7 Close-Up NASA Photos Of The Sun's Surface Showing Its Complexities
One of the most important objects in space that NASA spends time and resources studying is our very own sun. The giant star provides the light and energy necessary for most processes on Earth and keeps the planets in orbit instead on a collision course with one another.
NASA is constantly assessing data from the sun and even has a telescope trained on the sun all the time. The Solar Dynamics Observatory launched in 2010 with the goal of studying solar variability and weather and what impacts those have on Earth and the space around Earth. Every day NASA posts photos taken by the SDO online so that anyone can go look at what the sun is currently up to. On Friday, the image of the sun was detailed and showed a few flares coming off the surface of the giant star and the surface swirling.

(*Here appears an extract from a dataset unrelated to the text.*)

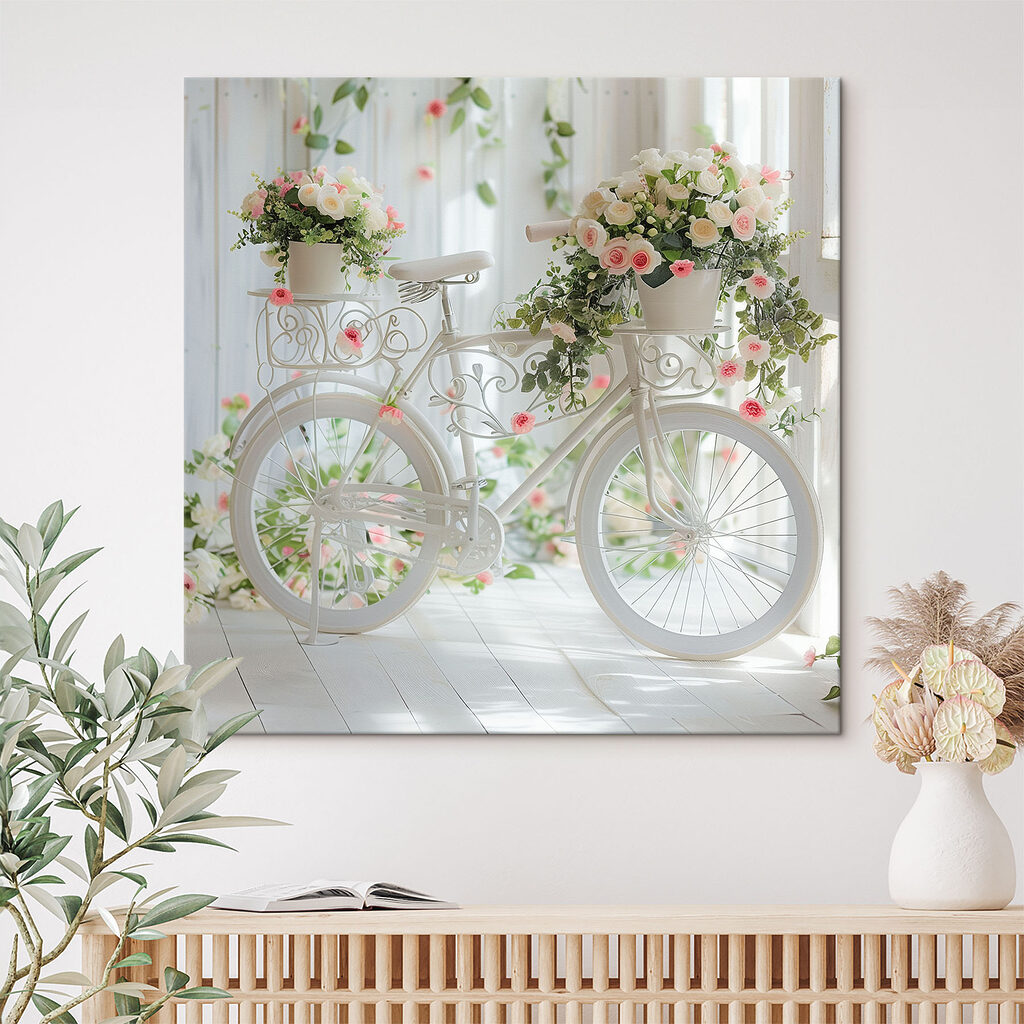Fahrrad voller rosa Blüten — Interieur 1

It was taken in the 171-angstrom wavelength by the SDO.
The SDO isn’t the only telescope NASA uses to study the sun. There is also a mission called the Nuclear Spectroscopic Telescope Array, or NuSTAR, that studies the universe from space in high energy x-rays. While its primary focus is not on the sun, it does take photos of the microflares on the surface of the sun. This photo was created from photos taken by the NuSTAR and SDO as well as another telescope that belongs to Japan called the Hinode.
This photo taken by the SDO shows a large sunspot that has come and gone for some time. This was captured during the early days of August and the sunspot caused a coronal mass ejection on the sun.

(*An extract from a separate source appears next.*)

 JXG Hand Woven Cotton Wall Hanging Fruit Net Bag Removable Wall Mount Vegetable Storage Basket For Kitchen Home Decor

Another product of the SDO shows the plasma on the sun swirling creating quite an impressive photo. The turbulence was likely caused by magnetic fields on the sun. The plasma above the surface doesn’t ever fully break off it just swirls and loops.
In 2016 the SDO captured this photo of filaments on the sun, indicated by the arrows. Filaments are essentially long strands of plasma that are kept suspected above the surface of the sun by magnetic fields, meaning they’re fairly unstable structures. This photo is actually three photos all taken in high ultra violet wavelengths that were all combined.
NASA uses different wavelengths to spot different features and occurrences on the sun’s surface. This photo was taken in the 131-Angstrom wavelength, one that is especially good for capturing solar flares. It was specifically taken to track a solar flare occurring on the lower left side of the sun that the Mars rover had noticed and tracked and then the SDO captured.
This photo of the sun, again taken by the SDO, shows a coronal hole, or a hole in the sun’s corona that left a large portion of the sun uncovered by the corona, the hottest part of the sun’s atmosphere. The corona puzzles researchers who are unsure of how the heat and energy transfers to the corona making it hotter than the surface of the sun.
Much is unknown about the sun but while researchers search, there are guaranteed to be more beautiful photos of our sun.